The ISC Register must contain the following information pertaining to the individuals with significant control:

  • Name, address and birthdate;

  • Residence for tax purposes;

  • Date when significant control was obtained;

  • Date when significant control ceased; and

  • Description of how the individual meets the definition of significant control.

Maintaining the ISC Register

Corporations must update the ISC Register at least once a year. If during the corporation's financial year, the corporation becomes aware of a change affecting the ISC Register, the corporation needs to record the change within 15 days of becoming aware of the new information. Corporations are entitled to ask their shareholders for any information it needs to complete the ISC Register and shareholders must reply accurately as soon as possible.

Access to the ISC Register

Upon request, corporations must disclose the ISC Register information to (i) shareholders and creditors of the corporation, and (ii) Corporations Canada.

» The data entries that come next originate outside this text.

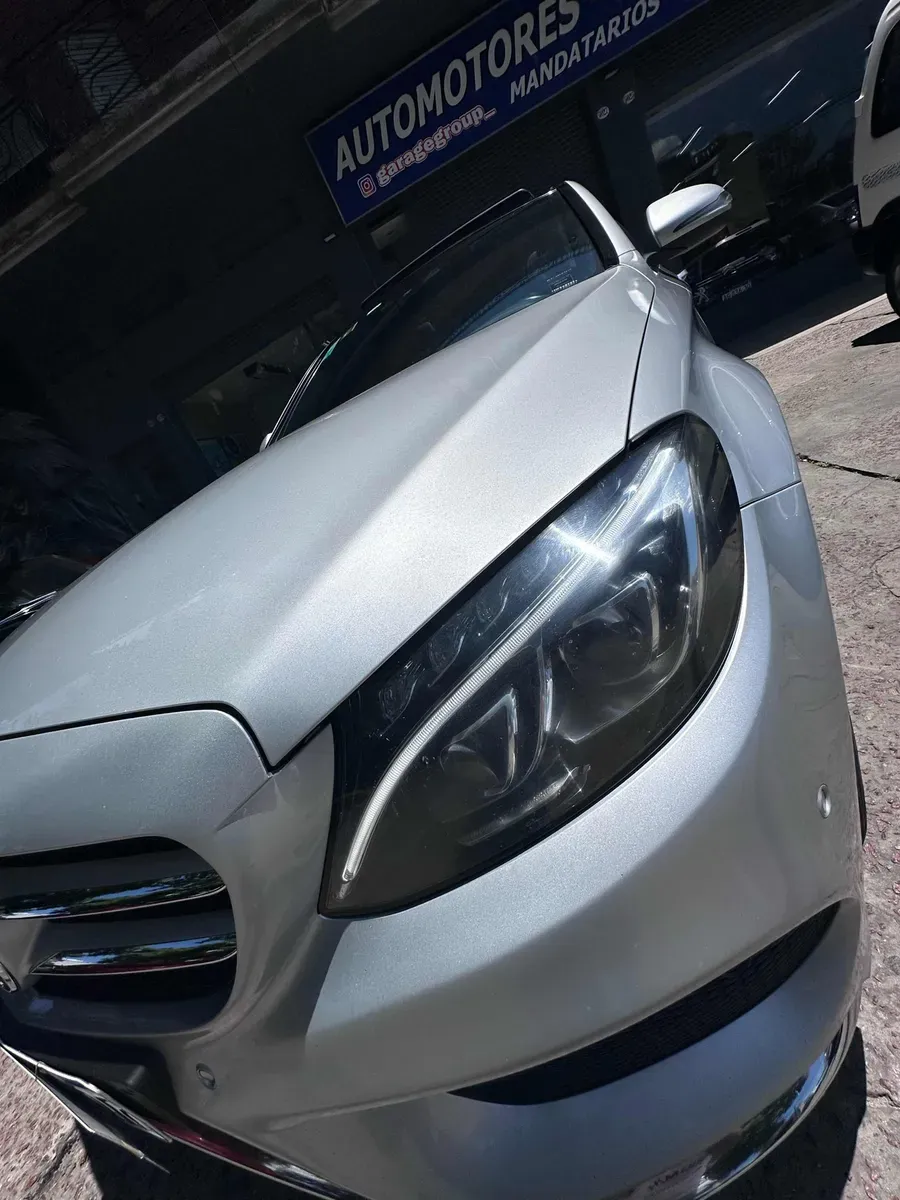 Mirá esta publicación de Mercedes Benz Clase C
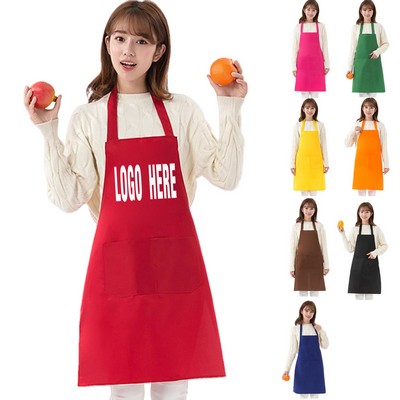 Polyester Apron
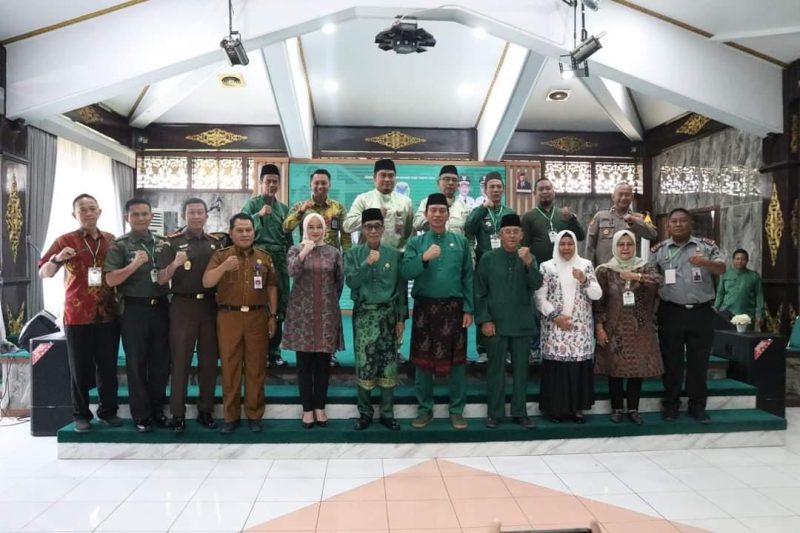 kegiatan Musyawarah Rencana Pembangunan (Musrenbang) Rencana Kerja Pemerintah Daerah (RKPD) Kabupaten Batang Hari tahun anggaran 2025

If shareholders and creditors request for the ISC Register information they must follow the proper procedure. They can apply to obtain access to the ISC Register if the information is required for the affairs of the corporation including influencing the voting at a shareholder's meeting, and offering to acquire the corporation's shares. The applicants must submit certain documents to obtain the ISC Register.

Exemption for Public Companies

Distributing corporations, which typically include public companies and reporting issuers under Canadian securities laws, are exempt from the new CBCA requirements. Generally speaking, these companies are already required to disclose this type of information under securities legislation.

DISCLAIMER: This post is intended to convey general information about legal issues and developments as of the date above. It does not constitute legal advice and must not be treated or relied on as such.